**Task objective:** The required output consists solely of the lines from the top of the listing through the line containing "Used Ford Fiesta", transcribed exactly.

(The data)

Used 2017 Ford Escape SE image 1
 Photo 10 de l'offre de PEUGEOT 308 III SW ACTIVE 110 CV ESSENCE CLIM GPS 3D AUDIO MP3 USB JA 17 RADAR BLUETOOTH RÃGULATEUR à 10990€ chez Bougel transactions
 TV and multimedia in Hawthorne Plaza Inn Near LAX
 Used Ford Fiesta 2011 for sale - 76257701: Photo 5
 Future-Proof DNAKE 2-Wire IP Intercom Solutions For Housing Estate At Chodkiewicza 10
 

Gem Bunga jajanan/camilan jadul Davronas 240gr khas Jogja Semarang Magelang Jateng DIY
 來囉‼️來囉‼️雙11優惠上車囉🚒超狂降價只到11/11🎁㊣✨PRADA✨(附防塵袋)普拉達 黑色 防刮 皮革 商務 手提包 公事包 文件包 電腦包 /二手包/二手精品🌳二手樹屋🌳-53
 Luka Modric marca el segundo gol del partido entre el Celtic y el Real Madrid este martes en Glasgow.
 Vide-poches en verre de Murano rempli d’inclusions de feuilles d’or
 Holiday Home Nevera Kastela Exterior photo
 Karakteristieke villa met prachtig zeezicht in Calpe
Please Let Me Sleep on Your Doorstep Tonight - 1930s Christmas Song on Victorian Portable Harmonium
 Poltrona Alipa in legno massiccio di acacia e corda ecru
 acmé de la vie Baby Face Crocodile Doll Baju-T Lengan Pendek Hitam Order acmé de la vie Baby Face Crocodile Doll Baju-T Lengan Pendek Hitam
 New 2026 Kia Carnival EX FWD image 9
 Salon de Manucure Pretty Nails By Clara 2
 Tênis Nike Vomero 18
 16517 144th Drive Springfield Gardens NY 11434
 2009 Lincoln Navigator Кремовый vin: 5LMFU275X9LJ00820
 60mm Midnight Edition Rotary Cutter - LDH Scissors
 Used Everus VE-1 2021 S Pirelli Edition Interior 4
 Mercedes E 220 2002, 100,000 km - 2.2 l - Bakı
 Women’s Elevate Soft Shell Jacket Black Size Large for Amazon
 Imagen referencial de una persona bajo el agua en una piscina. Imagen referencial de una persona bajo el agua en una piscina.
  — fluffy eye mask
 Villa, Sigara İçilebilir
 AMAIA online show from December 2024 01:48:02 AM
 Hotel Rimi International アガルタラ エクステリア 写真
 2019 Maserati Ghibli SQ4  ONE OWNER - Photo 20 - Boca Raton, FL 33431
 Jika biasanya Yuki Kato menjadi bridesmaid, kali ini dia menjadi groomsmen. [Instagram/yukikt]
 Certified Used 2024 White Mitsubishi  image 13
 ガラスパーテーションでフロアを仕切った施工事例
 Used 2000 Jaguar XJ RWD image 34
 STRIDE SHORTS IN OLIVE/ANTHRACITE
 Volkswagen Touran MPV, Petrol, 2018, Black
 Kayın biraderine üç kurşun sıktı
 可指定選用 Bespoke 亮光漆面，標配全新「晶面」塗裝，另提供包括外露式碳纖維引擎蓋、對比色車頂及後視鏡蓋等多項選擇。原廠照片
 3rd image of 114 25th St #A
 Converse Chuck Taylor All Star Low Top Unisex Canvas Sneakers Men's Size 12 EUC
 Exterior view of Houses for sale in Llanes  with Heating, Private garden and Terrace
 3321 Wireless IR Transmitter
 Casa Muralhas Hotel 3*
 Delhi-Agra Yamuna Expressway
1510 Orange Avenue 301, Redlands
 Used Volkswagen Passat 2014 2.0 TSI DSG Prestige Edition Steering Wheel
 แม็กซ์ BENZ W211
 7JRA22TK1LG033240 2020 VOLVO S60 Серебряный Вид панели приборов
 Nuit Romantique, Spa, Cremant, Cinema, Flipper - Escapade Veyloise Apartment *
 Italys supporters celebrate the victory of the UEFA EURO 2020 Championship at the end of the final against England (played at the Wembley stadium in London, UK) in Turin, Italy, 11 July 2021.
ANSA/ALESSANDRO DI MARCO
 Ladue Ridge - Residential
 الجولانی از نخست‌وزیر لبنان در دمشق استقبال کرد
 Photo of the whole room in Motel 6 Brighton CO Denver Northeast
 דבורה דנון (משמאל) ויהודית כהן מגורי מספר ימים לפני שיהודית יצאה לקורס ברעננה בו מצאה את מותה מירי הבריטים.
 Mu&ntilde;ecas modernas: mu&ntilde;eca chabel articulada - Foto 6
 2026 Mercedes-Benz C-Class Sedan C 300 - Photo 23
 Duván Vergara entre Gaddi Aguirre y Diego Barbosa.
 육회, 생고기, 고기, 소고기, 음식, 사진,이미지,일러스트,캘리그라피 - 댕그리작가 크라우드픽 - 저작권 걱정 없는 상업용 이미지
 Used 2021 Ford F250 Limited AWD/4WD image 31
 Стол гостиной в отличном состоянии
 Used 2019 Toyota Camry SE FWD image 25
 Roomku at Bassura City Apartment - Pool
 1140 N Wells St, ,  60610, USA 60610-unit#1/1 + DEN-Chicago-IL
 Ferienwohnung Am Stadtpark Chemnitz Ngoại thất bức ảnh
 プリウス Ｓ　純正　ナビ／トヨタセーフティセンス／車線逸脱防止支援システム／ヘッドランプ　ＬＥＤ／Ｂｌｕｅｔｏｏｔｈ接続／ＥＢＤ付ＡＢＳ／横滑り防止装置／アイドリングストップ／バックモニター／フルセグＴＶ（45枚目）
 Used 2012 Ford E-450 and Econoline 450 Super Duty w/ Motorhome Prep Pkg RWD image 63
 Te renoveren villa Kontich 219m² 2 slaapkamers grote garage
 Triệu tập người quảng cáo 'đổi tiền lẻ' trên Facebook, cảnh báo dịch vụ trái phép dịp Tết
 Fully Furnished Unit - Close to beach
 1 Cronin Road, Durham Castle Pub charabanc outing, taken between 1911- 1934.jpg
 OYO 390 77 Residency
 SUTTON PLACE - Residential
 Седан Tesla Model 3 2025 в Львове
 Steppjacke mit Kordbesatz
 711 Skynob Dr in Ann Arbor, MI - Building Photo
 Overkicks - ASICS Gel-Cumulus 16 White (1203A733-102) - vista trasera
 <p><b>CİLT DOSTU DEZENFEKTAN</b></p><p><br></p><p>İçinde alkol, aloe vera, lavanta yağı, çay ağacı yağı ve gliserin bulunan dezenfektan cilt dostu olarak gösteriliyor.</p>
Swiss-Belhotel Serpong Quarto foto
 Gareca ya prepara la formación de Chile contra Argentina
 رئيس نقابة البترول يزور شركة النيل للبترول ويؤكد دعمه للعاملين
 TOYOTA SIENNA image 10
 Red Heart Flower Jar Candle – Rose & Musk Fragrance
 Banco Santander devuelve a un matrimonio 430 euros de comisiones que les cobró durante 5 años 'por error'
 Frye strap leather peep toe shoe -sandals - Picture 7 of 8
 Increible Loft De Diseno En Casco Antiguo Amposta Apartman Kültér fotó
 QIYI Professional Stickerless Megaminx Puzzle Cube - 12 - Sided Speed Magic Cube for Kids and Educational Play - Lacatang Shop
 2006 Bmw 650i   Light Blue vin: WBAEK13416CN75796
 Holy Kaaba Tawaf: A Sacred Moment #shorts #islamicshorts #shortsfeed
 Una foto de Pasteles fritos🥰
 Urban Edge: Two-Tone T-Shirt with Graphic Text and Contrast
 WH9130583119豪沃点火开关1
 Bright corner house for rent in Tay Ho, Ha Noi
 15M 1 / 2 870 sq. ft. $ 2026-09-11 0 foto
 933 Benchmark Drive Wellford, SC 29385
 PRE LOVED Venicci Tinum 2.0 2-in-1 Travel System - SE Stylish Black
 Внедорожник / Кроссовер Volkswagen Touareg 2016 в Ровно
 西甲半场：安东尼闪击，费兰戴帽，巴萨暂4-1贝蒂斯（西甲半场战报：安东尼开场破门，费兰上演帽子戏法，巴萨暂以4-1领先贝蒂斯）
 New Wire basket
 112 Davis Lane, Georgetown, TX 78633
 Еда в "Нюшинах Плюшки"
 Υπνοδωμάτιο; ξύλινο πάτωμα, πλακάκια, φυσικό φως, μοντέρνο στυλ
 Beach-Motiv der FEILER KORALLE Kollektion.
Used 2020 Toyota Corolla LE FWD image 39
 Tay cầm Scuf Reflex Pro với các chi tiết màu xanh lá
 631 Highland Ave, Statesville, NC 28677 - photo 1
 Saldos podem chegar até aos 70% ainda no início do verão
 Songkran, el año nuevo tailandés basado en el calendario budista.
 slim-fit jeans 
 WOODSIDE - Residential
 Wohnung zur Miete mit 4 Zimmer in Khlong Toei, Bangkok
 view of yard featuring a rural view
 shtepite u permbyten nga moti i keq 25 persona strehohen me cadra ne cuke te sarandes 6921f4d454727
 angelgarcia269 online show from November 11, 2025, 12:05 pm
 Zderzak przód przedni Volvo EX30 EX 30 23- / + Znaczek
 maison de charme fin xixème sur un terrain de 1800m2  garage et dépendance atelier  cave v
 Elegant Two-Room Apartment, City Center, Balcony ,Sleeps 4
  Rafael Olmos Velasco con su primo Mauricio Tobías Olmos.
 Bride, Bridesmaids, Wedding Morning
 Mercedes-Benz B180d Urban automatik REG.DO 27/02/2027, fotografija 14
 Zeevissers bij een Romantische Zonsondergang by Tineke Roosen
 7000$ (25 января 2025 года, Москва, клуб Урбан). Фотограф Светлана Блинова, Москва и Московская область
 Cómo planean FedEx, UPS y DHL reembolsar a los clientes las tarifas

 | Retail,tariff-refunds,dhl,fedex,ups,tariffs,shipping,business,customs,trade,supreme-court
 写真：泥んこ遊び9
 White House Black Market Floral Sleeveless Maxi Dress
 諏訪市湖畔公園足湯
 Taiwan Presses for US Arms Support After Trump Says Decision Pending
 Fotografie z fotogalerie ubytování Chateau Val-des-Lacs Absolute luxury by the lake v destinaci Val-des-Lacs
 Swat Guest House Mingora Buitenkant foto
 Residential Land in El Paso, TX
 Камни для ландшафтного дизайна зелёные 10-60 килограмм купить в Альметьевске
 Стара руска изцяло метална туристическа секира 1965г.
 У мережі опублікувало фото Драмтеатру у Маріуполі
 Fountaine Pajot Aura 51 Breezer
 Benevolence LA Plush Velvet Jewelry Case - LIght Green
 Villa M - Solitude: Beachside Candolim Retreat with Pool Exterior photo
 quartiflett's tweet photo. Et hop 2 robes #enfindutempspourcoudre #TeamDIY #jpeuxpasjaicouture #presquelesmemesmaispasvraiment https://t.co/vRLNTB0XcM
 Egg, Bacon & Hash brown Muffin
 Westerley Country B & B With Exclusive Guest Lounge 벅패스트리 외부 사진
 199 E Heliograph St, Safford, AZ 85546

(End The data)

**Task response:**
Used 2017 Ford Escape SE image 1
 Photo 10 de l'offre de PEUGEOT 308 III SW ACTIVE 110 CV ESSENCE CLIM GPS 3D AUDIO MP3 USB JA 17 RADAR BLUETOOTH RÃGULATEUR à 10990€ chez Bougel transactions
 TV and multimedia in Hawthorne Plaza Inn Near LAX
 Used Ford Fiesta 2011 for sale - 76257701: Photo 5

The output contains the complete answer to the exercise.